ASCT2 regulates glutamine uptake and cell growth in endometrial carcinoma.

Glutamine commonly becomes a conditionally essential amino acid in cancer. Glutamine is supplied to the cell by transporters such as ASCT2 (SLC1A5), which is frequently upregulated in multiple cancers. Here we investigated the expression of ASCT2 in endometrial carcinoma, and evaluated the contribution of ASCT2 to glutamine uptake and endometrial cancer cell growth. Analysis of human gene expression data showed that ASCT2 was significantly upregulated in both endometrioid and serous subtypes of endometrial carcinoma, compared to normal, age-matched endometrium. Furthermore, immunohistochemical staining of primary human endometrioid adenocarcinomas showed that tumours stain positive for ASCT2 in either a uniform or mosaic expression pattern, while normal adjacent glands appeared predominantly negative for ASCT2 staining. Chemical inhibition of glutamine transport by benzylserine or GPNA led to a significant decrease in endometrial cancer cell growth and spheroid cross-sectional area.

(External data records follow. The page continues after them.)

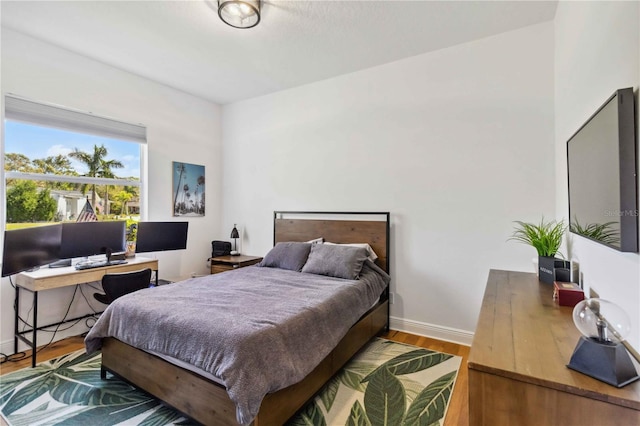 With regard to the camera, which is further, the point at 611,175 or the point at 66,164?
the point at 66,164

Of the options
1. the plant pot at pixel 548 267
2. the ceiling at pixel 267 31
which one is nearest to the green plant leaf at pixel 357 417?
the plant pot at pixel 548 267

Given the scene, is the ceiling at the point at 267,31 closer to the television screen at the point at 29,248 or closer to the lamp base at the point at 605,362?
the television screen at the point at 29,248

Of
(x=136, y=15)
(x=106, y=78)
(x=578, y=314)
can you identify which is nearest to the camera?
(x=578, y=314)

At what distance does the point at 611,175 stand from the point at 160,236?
377 cm

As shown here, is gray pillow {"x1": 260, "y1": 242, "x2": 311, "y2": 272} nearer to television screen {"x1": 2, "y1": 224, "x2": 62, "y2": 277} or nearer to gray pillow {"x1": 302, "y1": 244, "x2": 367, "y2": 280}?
gray pillow {"x1": 302, "y1": 244, "x2": 367, "y2": 280}

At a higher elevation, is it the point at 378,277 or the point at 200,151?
the point at 200,151

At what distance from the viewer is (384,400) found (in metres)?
2.04

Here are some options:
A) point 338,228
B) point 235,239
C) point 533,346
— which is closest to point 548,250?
point 533,346

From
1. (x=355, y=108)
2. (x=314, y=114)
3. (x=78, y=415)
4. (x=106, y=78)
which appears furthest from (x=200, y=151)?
(x=78, y=415)

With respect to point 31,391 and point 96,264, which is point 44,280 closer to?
point 96,264

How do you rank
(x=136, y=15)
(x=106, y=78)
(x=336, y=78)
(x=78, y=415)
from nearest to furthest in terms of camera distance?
1. (x=78, y=415)
2. (x=136, y=15)
3. (x=106, y=78)
4. (x=336, y=78)

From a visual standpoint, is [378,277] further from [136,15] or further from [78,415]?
[136,15]

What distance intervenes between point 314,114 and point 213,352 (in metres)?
2.96

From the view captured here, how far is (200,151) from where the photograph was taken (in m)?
4.31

ASCT2 knockdown recapitulated the decrease of cell growth and spheroid cross-sectional area in HEC1A cells, suggesting a reliance on ASCT2-mediated glutamine uptake. ASCT2 knockdown in Ishikawa cells led to lower glutamine uptake and cell growth, but did not affect spheroid area. Ishikawa cells express higher levels of the glutamine transporter SNAT1 compared to HEC1A cells, suggesting these cells may rely on both ASCT2 and SNAT1 for glutamine uptake. Since SNAT1 is also significantly upregulated in the endometrioid and serous subtypes, these data indicate that ASCT2 and SNAT1 could be used as markers of malignancy, and/or potential therapeutic targets in patients with endometrial carcinoma.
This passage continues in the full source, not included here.